機関誌「真の家庭」publication

APTF 公式サイト機関誌「真の家庭」芸術と家庭・・・音楽編(18)

芸術と家庭・・・音楽編(18)local_offer

吉川鶴生

明るい性格で妻を楽しませる

セビリアの理髪師

Rossini

ロッシーニ(1792―1868)と言えば、オペラがすぐに脳裏に浮かぶように、彼のオペラが、世界的に高い評価を得ていることは、よく知られているところです。

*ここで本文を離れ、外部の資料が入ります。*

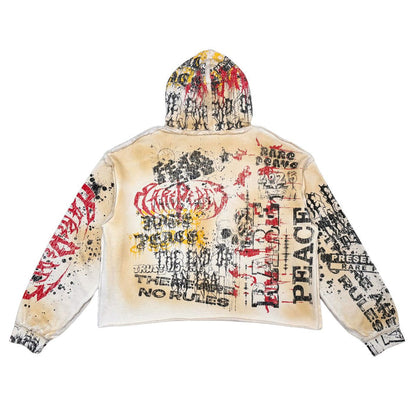 Front view of the Rare Peace All Over Rhinestone Washed Ecru Pullover Hoodie featuring stylish design and comfortable fit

その中で、オペラの標本のように言われる「セビリアの理髪師」という名作喜劇があります。ステルビーニの台本にロッシーニが作曲した作品です。これは革命時代にフランスで書かれたボーマルシェの戯曲をオペラ化したもので、初演は1816年(ロッシーニ24歳)にローマで行われました。

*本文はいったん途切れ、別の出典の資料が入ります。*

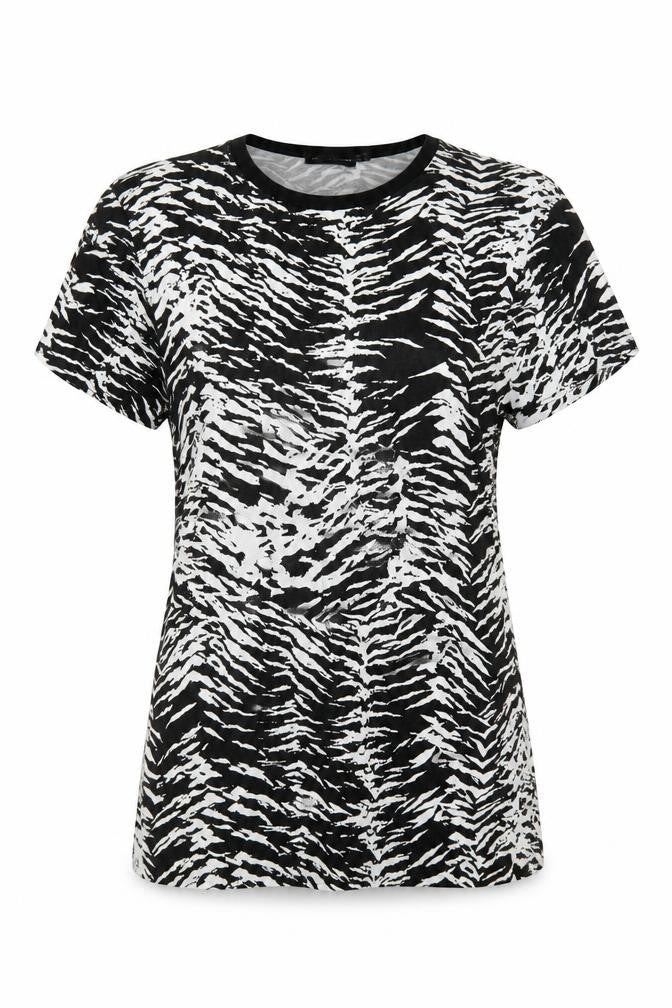 Front view of PRETTYLITTLETHING women’s multicoloured animal print viscose basic t-shirt, size UK 10, crew neck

スペインのセビリアを舞台に、後見人である強欲な医師ドン・バルトロによって家の中に閉じ込められている美女のロジーナと、彼女を熱愛するアルマヴィーヴァ伯爵が、理髪師のフィガロの知恵によって結ばれるまでの物語です。18世紀末から19世紀初めにかけての革命時代は、貴族社会が終わり、市民社会が台頭する時代の転換期ですが、その時代の息吹をよく伝える作品です。近年、ロッシーニに対する新たな評価が進む中で、よくできた明るい喜劇であると、多くのオペラファンから絶賛の声が絶えません。

ウィリアム・テル

ロッシーニのオペラには多くの傑作がありますが、「ラ・チェネレントラ(シンデレラ姫)」、「セミラーミデ」、「ギヨーム・テル(ウィリアム・テル)」などはよく知られており、日本でも、「ウィリアム・テル序曲」は、多くの人々が耳にしたことのある曲です。特に、チェロのアンサンブルから、嵐を告げる激しい部分を経て、畳みかけてくるような最後の行進曲までの流れは、ロッシーニの偉大さを文句なく感じさせてくれます。

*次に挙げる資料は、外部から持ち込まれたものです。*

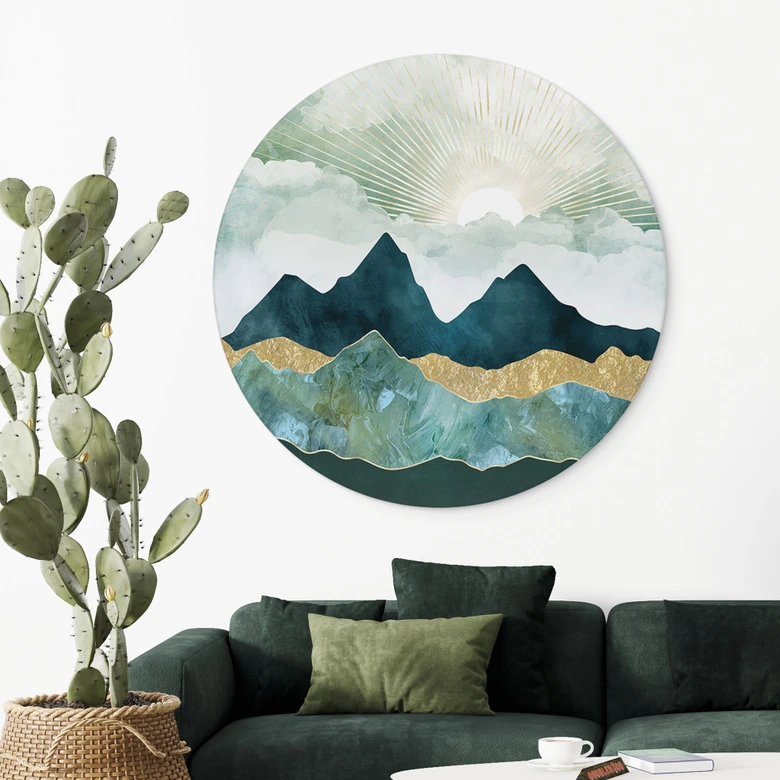 Dibond Wanddecoratie Zonnig landschap in blauw en goud - SpaceFrog Designs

ロッシーニの書いた最後のオペラである「ウィリアム・テル」は、シラーの「ヴィルヘルム・テル」を原作としたフランス語のオペラで、正式な表記はフランス語の「ギヨーム・テル」となっています。ロマン派時代の先駆けとなる情緒あふれる歌、そして重厚なオーケストラは聴きごたえがあります。物語の舞台は、ハプスブルク家の圧政下にあるスイスの山岳地帯です。テルと村人たちがオーストリア人の代官ゲッペルの横暴に屈せず、激しい抵抗をする中で自由を勝ち取るまでの話ですが、その中に、村の長老メルクタールの息子アルノールとハプスブルク家の王女マティルデとの悲恋が絡められ、描かれています。

ロッシーニの結婚と家庭生活

ロッシーニは、18歳でオペラ「結婚手形」をヒットさせ、その後も次々にヒット作を世に出し、23歳でナポリのサン・カルロ劇場の音楽監督に就任しました。若い頃は、外見も性格も魅力的で、女性たちが彼の周りに群がりました。彼はサン・カルロ劇場のソプラノ歌手イザベラ・コルブランと出会います。イザベラのために、ロッシーニはたくさんのオペラを書き、二人の仲は深まっていきました。そして、ロッシーニ30歳、イザベラ37歳のときに二人は結婚します。結婚後もロッシーニはオペラのヒット曲を出し続け、躍進を遂げる一方、イザベラは歌手としてのピークに陰りが見え始め、プライドの高いイザベラは我儘になり、夫婦仲は冷めていきます。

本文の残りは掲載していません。